PP y PSOE se vuelven a enfrentar por este tema. Ana Pastor, secretaria de políticas sociales del PP, aprovechó la marejada política para darse una vuelta por Barajas para denunciar que el Gobierno no ofrece apoyo a los afectados. Bochornoso, sobre todo porque ya conocemos las medidas sociales que suele aplicar nuestra derecha. El PSOE dice que se ha actuado de la manera más adecuada. Pero ahí están los afectados. Y son, como siempre, los más humildes. Inmigrantes en su mayoría que habían ahorrado para poder comprar el billete que los llevaría en Navidad a sus países de origen. Ellos son los auténticos perdedores. Ellos y los trabajadores de Air Madrid, que, ajenos a los desmanes de sus jefes, ahora pueden perder el puesto de trabajo.
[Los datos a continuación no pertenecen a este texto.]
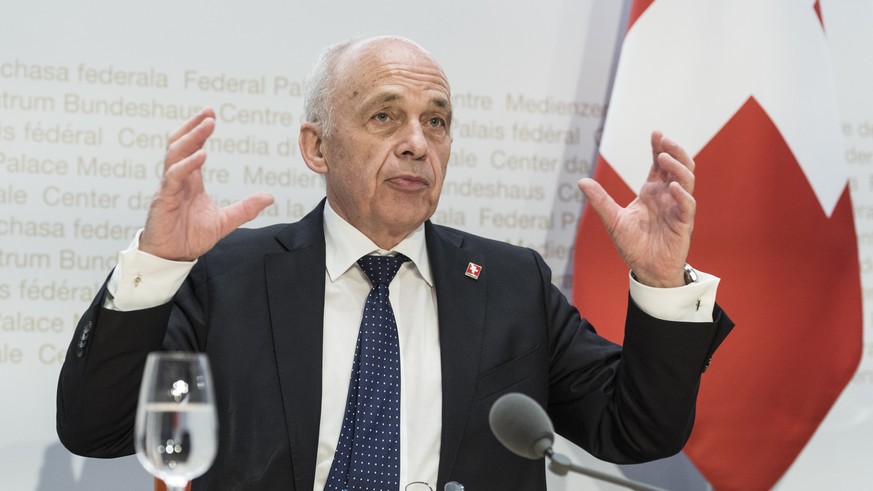 Swiss Federal councillor Ueli Maurer briefs the media about the latest economic measures to fight the Covid-19 Coronavirus pandemic, on Wednesday, March 25, 2020 in Bern, Switzerland. (KEYSTONE/Alessa ...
He oído que el propietario de esta aerolínea es un magnate del negocio inmobiliario que tuvo el honor de ser la primera persona que era propietaria en solitario de una compañía aérea. En el acto de inauguración de uno de los aviones de la flota acudió Esperanza Aguirre. Se trata de una imagen que el PP no quiere ahora ver, sobre todo porque la Presidenta de la Comunidad de Madrid bendeció con todo tipo de halagos a la compañía. La derecha afirma que el Ministerio de Fomento actuó tarde y mal. En fin, que nadie asume responsabilidades. Y yo lo que digo es que este señor, que tan rico es, y cuyo nombre no suele aparecer en demasiados lados, quizás porque es poderoso, ¿por qué no asume él las responsabilidades de su nefasta gestión? Porque ya estamos hartos de que paguen siempre los mismos: los ciudadanos de a pié, los consumidores, los trabajadores,... ¿Por qué no salen de sus repletos bolsillos los euros que bien podrían ser para indemnizar a los pasajeros que han sufrido retrasos y cancelaciones?